Data for analysis START
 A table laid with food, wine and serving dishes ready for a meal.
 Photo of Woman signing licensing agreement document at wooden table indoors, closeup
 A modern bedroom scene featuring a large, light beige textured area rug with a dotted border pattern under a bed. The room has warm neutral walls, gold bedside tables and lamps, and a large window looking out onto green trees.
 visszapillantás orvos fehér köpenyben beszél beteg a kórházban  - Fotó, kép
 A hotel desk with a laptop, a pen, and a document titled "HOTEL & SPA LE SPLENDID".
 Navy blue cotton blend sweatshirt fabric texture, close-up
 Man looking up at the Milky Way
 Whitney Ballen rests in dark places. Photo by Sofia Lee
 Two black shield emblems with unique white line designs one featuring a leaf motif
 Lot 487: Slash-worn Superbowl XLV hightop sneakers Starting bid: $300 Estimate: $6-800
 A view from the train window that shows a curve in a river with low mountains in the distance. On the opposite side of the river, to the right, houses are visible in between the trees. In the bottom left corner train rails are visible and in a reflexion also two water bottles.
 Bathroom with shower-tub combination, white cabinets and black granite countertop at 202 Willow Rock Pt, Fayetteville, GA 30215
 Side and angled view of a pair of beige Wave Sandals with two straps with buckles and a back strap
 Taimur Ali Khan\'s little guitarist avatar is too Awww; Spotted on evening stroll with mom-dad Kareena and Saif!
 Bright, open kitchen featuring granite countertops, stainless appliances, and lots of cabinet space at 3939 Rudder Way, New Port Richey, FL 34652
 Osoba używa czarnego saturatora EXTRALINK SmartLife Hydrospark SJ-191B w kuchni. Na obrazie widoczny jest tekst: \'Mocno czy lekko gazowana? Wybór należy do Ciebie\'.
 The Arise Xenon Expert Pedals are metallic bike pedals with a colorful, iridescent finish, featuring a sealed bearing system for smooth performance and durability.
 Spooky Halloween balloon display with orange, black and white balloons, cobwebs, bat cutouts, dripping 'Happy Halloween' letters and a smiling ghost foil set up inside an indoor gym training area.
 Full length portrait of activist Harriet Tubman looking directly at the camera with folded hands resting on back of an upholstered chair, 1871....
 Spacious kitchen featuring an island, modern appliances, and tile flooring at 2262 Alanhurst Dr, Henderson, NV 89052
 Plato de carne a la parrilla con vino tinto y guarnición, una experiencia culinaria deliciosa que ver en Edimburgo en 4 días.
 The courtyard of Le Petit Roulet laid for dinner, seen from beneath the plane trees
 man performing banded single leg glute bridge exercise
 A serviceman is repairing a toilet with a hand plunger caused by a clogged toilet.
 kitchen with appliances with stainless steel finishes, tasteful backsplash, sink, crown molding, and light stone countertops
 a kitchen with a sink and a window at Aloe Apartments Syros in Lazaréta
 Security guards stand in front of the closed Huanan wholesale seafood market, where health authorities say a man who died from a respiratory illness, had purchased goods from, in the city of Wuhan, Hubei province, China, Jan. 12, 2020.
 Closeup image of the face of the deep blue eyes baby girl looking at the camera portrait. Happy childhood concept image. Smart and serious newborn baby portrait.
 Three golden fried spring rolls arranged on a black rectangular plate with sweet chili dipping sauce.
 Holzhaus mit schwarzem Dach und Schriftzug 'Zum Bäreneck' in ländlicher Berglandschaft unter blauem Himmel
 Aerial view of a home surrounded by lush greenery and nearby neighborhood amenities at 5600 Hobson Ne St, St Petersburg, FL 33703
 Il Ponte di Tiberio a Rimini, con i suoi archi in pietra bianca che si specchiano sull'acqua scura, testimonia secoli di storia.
Data for analysis END
§ **Instructions for the task**
Each line above needs to be written out again exactly.

§ **Result for this task**
 A table laid with food, wine and serving dishes ready for a meal.
 Photo of Woman signing licensing agreement document at wooden table indoors, closeup
 A modern bedroom scene featuring a large, light beige textured area rug with a dotted border pattern under a bed. The room has warm neutral walls, gold bedside tables and lamps, and a large window looking out onto green trees.
 visszapillantás orvos fehér köpenyben beszél beteg a kórházban  - Fotó, kép
 A hotel desk with a laptop, a pen, and a document titled "HOTEL & SPA LE SPLENDID".
 Navy blue cotton blend sweatshirt fabric texture, close-up
 Man looking up at the Milky Way
 Whitney Ballen rests in dark places. Photo by Sofia Lee
 Two black shield emblems with unique white line designs one featuring a leaf motif
 Lot 487: Slash-worn Superbowl XLV hightop sneakers Starting bid: $300 Estimate: $6-800
 A view from the train window that shows a curve in a river with low mountains in the distance. On the opposite side of the river, to the right, houses are visible in between the trees. In the bottom left corner train rails are visible and in a reflexion also two water bottles.
 Bathroom with shower-tub combination, white cabinets and black granite countertop at 202 Willow Rock Pt, Fayetteville, GA 30215
 Side and angled view of a pair of beige Wave Sandals with two straps with buckles and a back strap
 Taimur Ali Khan\'s little guitarist avatar is too Awww; Spotted on evening stroll with mom-dad Kareena and Saif!
 Bright, open kitchen featuring granite countertops, stainless appliances, and lots of cabinet space at 3939 Rudder Way, New Port Richey, FL 34652
 Osoba używa czarnego saturatora EXTRALINK SmartLife Hydrospark SJ-191B w kuchni. Na obrazie widoczny jest tekst: \'Mocno czy lekko gazowana? Wybór należy do Ciebie\'.
 The Arise Xenon Expert Pedals are metallic bike pedals with a colorful, iridescent finish, featuring a sealed bearing system for smooth performance and durability.
 Spooky Halloween balloon display with orange, black and white balloons, cobwebs, bat cutouts, dripping 'Happy Halloween' letters and a smiling ghost foil set up inside an indoor gym training area.
 Full length portrait of activist Harriet Tubman looking directly at the camera with folded hands resting on back of an upholstered chair, 1871....
 Spacious kitchen featuring an island, modern appliances, and tile flooring at 2262 Alanhurst Dr, Henderson, NV 89052
 Plato de carne a la parrilla con vino tinto y guarnición, una experiencia culinaria deliciosa que ver en Edimburgo en 4 días.
 The courtyard of Le Petit Roulet laid for dinner, seen from beneath the plane trees
 man performing banded single leg glute bridge exercise
 A serviceman is repairing a toilet with a hand plunger caused by a clogged toilet.
 kitchen with appliances with stainless steel finishes, tasteful backsplash, sink, crown molding, and light stone countertops
 a kitchen with a sink and a window at Aloe Apartments Syros in Lazaréta
 Security guards stand in front of the closed Huanan wholesale seafood market, where health authorities say a man who died from a respiratory illness, had purchased goods from, in the city of Wuhan, Hubei province, China, Jan. 12, 2020.
 Closeup image of the face of the deep blue eyes baby girl looking at the camera portrait. Happy childhood concept image. Smart and serious newborn baby portrait.
 Three golden fried spring rolls arranged on a black rectangular plate with sweet chili dipping sauce.
 Holzhaus mit schwarzem Dach und Schriftzug 'Zum Bäreneck' in ländlicher Berglandschaft unter blauem Himmel
 Aerial view of a home surrounded by lush greenery and nearby neighborhood amenities at 5600 Hobson Ne St, St Petersburg, FL 33703
 Il Ponte di Tiberio a Rimini, con i suoi archi in pietra bianca che si specchiano sull'acqua scura, testimonia secoli di storia.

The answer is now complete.